Recorded data:
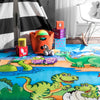 4' x 5'3 Contemporary Kids Playtime Dinosaur Friends Cartoon Color Area Rug Polyester Dino Animal Cute Fun Tween Novelty Playful Pattern Rectangular - Diamond Home USA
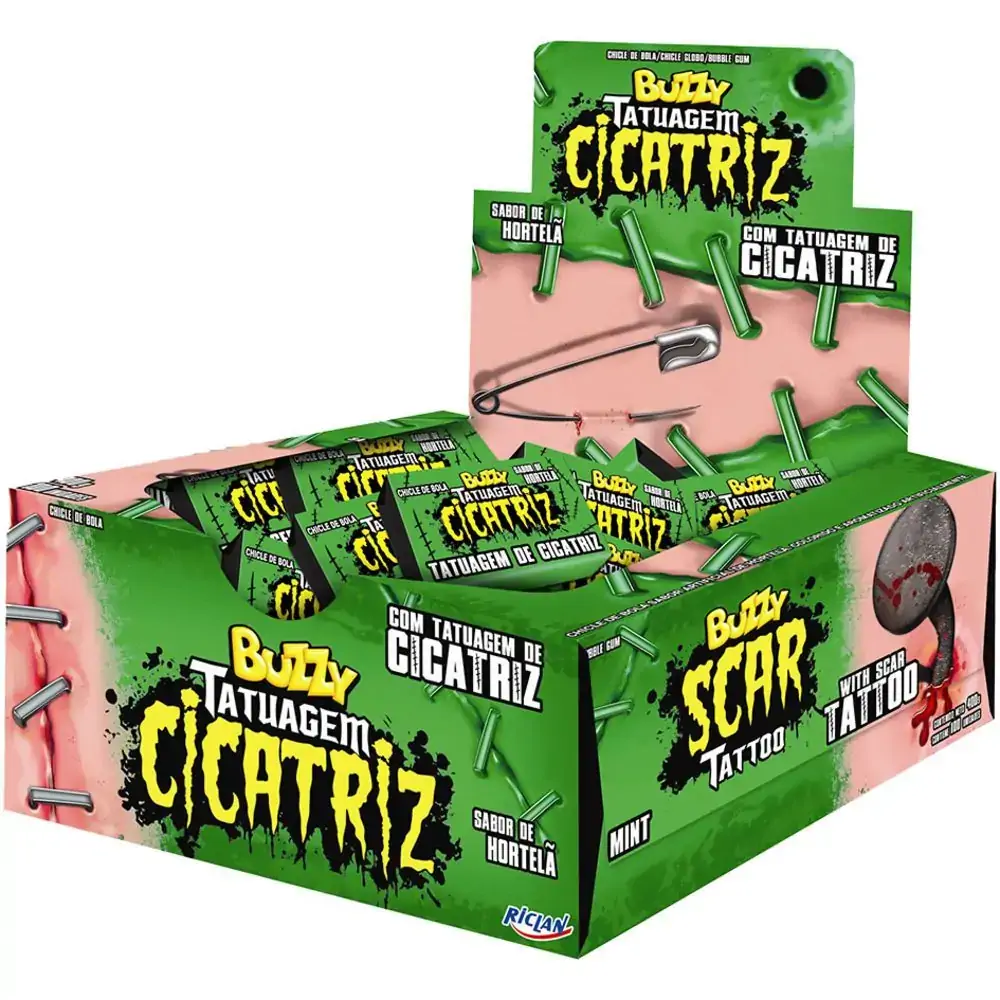 Chicle Buzzy Cicatriz 100un Hortela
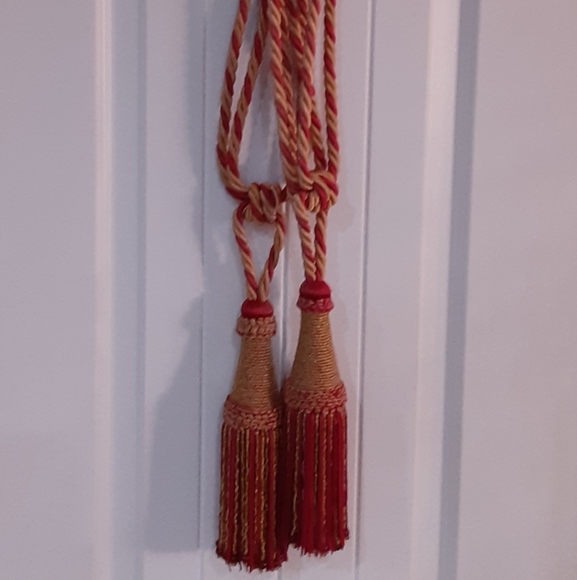 Glass Beaded Red & Gold Roped Tassels - Picture 1 of 9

What the task requires: A verbatim transcription of the listing is expected, with no pictures included.

Reply:
 4' x 5'3 Contemporary Kids Playtime Dinosaur Friends Cartoon Color Area Rug Polyester Dino Animal Cute Fun Tween Novelty Playful Pattern Rectangular - Diamond Home USA
 Chicle Buzzy Cicatriz 100un Hortela
 Glass Beaded Red & Gold Roped Tassels - Picture 1 of 9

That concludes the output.